The rapid increase in energy and food commodity prices is feeding global inflationary pressures, eroding the purchasing power of households and triggering a faster monetary policy response than previously assumed, the report said.
Furthermore, the deceleration of growth in the United States is adding to the negative economic impact of China’s strict zero-COVID policy.
Whereas prices of some commodities are retreating from recent peaks, the EU economy remains vulnerable to developments in energy markets due to its high reliance on Russian fossil fuels. With gas prices nearing all-time highs, energy inflation is on the rise.
Food inflation is also surging, but pressures are broadening further as higher energy costs are passed-through to services and other goods. Lower income households are especially hit by the protracted rise in prices, the report said.
Whereas businesses still eye an expansion of economic activity, they are less optimistic about the future, which will weigh on investment. Households are just as negative about the future as they were at the onset of the pandemic, which is set to drag on the recovery of private consumption.
Economic activity is expected to have weakened in the second quarter, but should regain some traction during summer, thanks to a promising tourism season.

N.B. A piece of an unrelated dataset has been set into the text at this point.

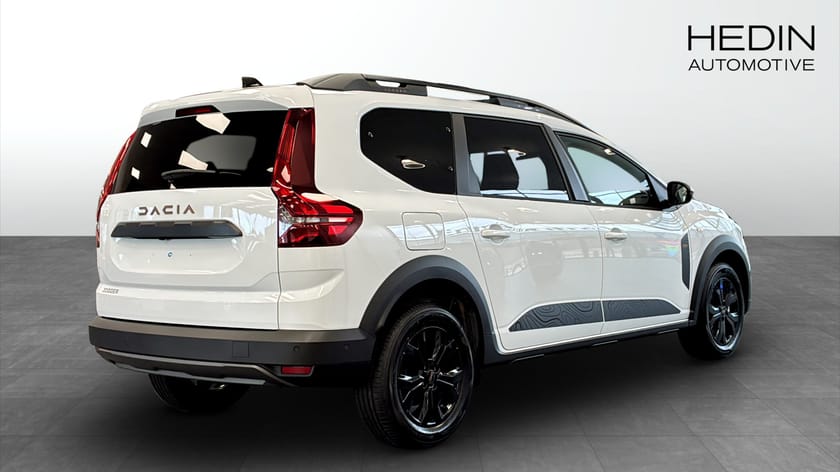 Bild 2 av Dacia Jogger 7-sätes EXTREME TCE 110 7-SITS Privatleasa fr 2990kr/mån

In 2023, economic growth is expected to gather some momentum, on the back of a resilient labour market, moderating inflation, support from the Recovery and Resilience Facility and a still large amount of excess savings.
Inflation in the euro area is projected to peak at a new record high of 8.4 per cent in the third quarter of 2022. As the pressures from energy prices and supply constraints fade, inflation is expected to decline steadily thereafter and to fall below 3 per cent by the end of 2023.

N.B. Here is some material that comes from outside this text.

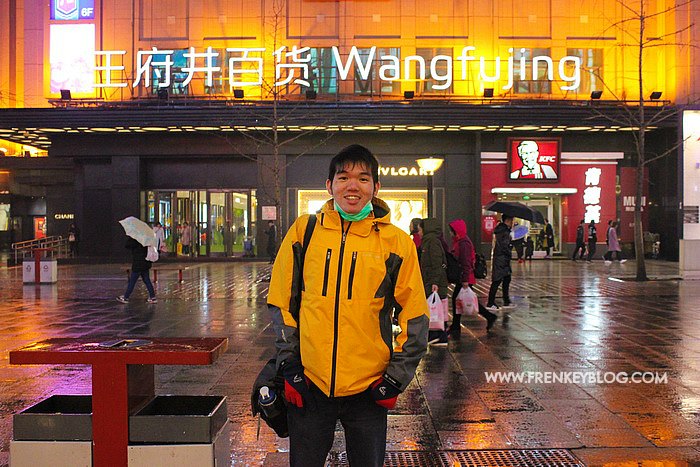 Selfie-Wangfujing-Shopping-Area.jpg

Risks to the forecast for economic activity and inflation are heavily dependent on the evolution of the war. Further increases of gas prices could strengthen the stagflationary forces currently at play. Second round effects could amplify these forces and lead to a sharper tightening of financial conditions that would not only weigh on growth, but also on financial stability.
At the same time, recent downward tendencies of oil and other commodities’ prices could intensify, bringing about a faster deceleration in inflation. Moreover, private consumption could prove more resilient to increasing prices if households were to use more of their savings, the report added.